Sighing quietly to myself, I scrolled through the search results on the bright screen in front of me. I hadn’t been able to sleep after Markus found me in the common room, so instead of tossing and turning, I decided to come in here and get a headstart on the next day’s training. Hopefully, Loretta would be impressed. She was a tough egg to crack.
Loretta was supposed to be teaching me how Lee sought out potential clients using the same Quantum drive that helped both the Time Agency and the Rogues find ruined timelines. She had explained that it was Lee’s specialty, his ability to find those who were so desperately unhappy in their own timeline that they craved a certain adventure in another world entirely. I had to admit, annoying as he was, Lee was good at reading people. He understood them.
It probably had something to do with the fact that he was a total psychopath. He’d spent his entire life watching people closely enough to be able to mimic them and pass as a regular person that he became an expert at knowing the finer details of everyone’s psyche.

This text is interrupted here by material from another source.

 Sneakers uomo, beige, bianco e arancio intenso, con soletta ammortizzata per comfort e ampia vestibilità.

I wondered how he found Markus and convinced him to become a dark tourist. After all, being a Rogue wasn’t just about the trip itself, or even just being able to find the right type of person to pay for the trip. It was about persuading them to break the law, to risk being thrown
in jail for decades at the hands of the intergalactic Time Agency. It was about making them see that they craved something darker.
I wasn’t sure I was up to it.
Thankfully, it wasn’t my intention to make a career out of being like Lee or Loretta.

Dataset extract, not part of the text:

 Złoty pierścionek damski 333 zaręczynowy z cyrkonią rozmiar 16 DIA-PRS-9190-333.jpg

After I managed to get out of here and put an end to the monstrous, illegal activities I’d witnessed, I wasn’t sure was my next step would be, but I knew it wasn’t going to have anything to do with unlawful intergalactic travel. I just couldn’t picture myself tolerating the kind of stuff that the Rogues did for their clients, especially when it came to the services they provided to horrible animals like Zik.
But, it wasn’t like I could go back to my original timeline. It was set to be destroyed in a matter of months. I certainly couldn’t go to any other timeline that parallel versions of myself existed in. Loretta had explained that seeing an exact copy of oneself, but from a different dimension, could do serious damage to someone’s mental stability.

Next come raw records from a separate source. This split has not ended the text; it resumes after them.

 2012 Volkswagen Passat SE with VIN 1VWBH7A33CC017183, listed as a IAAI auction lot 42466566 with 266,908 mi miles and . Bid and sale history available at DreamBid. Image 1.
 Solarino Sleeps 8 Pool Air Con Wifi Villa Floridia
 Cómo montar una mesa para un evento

I assumed Markus, when he was done with his ridiculous, evil, foolish plan in his ruined timeline, would go back home. Maybe he would be happier and satisfied. But, I wasn’t sure. When he’d admitted that the sight of his dead mother in his nightmare made him feel so wrong inside, it became even more obvious to me that Markus would never be able to stomach actually killing his family, even if it wasn’t going to have any lasting consequences in a surviving timeline.
He was a good person deep down. I could see it. There was a light in him.
But there was also darkness in him. Undeniable shadow, twisted and warped into something that scared me a little bit. If I was being honest though, it also fascinated me.